A canoe business will expand despite residents' complaints about noise and traffic.

Folks in the quiet residential community of Nobleton got another jolt Monday that their town is changing whether they like it or not.

Over their objections, the Hernando County Planning and Zoning Commission recommended that the County Commission rezone a 5-acre parcel from residential to recreational use. The reclassification would allow Nobleton Canoe Outpost to add canoe storage, concessions, restrooms and parking.

To Outpost owner Bob Meers, the rezoning represented less than what he wanted, because he initially requested a change to commercial. To several residents who complained about Meers' plans, it foreshadowed an unwelcome incursion of more traffic and noise.

"Our primary opposition is, we don't want any additional development until it's needed," project foe Andrew Rendueles said after the Planning and Zoning Commission approved the rezoning. "Schools, churches and community centers bring families into a neighborhood.

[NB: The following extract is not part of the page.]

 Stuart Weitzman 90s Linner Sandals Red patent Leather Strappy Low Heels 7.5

Not businesses."

Pauline Gideons, a 57-year Nobleton resident, also spoke against the move.

"The original intent of Mr. Noble was to have a retirement village for older people. . . . As it is now, I don't sleep nights because the rock trucks start at 2:30 a.m.," Gideons, who lives on Lake Lindsey Road, told the planning commission. "I hope you can see clear to deny this request."

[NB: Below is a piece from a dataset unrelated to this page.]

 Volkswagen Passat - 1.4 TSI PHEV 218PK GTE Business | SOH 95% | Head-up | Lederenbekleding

Planning commissioners struggled with their decision.

"This is a small, sleepy area," said Chairwoman Mikel Renner, who eventually supported the rezoning. "The vast majority of residents seem to be opposed. This (Withlacoochee) river is one of our most precious resources. I have trouble with the idea of more earth-moving in the area."

Commissioners Al Sevier and Anthony Palmieri challenged Meers about his true intent, noting he had a sign on his property offering lots for sale with the possibility of changing the zoning to commercial. Sevier made a motion to deny the rezoning based on this sign.

"Well, I'll take it down," Meers offered, adding that he did not need all the property for his business.

"It's too late," Sevier responded.

Other planning commissioners chided Sevier for his stance.

"I don't think we can sit up here and make a decision based on someone's intent," Commissioner Bob DeWitt said. "I don't think I can read Mr. Meers' mind."

He and planning Commissioner Nick Nicholson called for a compromise. Renner joined them to defeat Sevier's motion. Then Nicholson moved to approve the rezoning but to have a 30-foot buffer along any residential property that abuts the expanded Canoe Outpost.

"If I can't get what I asked for, I'll take anything you'll give me," Meers said.

Palmieri joined the majority to approve that plan. The residents who opposed the idea pledged to continue their battle when the County Commission takes up the matter next month.

"We're going to ask for more stipulations," Rendueles said.

The concession stand should be smaller than 1,000 square feet, he said, and the buffer zones must be appealing to the eye. Change is okay, he said, but only if it is well thought out.

Earlier this summer, the residents pushed for and won changes in a similar zoning issue when Ray and Deborah Dickinson wanted to build a business on their land there. The Dickinsons, who had originally applied to set up a restaurant two years ago, won approval to open a seamstress shop.

The Dickinsons were the only people to speak Monday on behalf of Meers' proposal.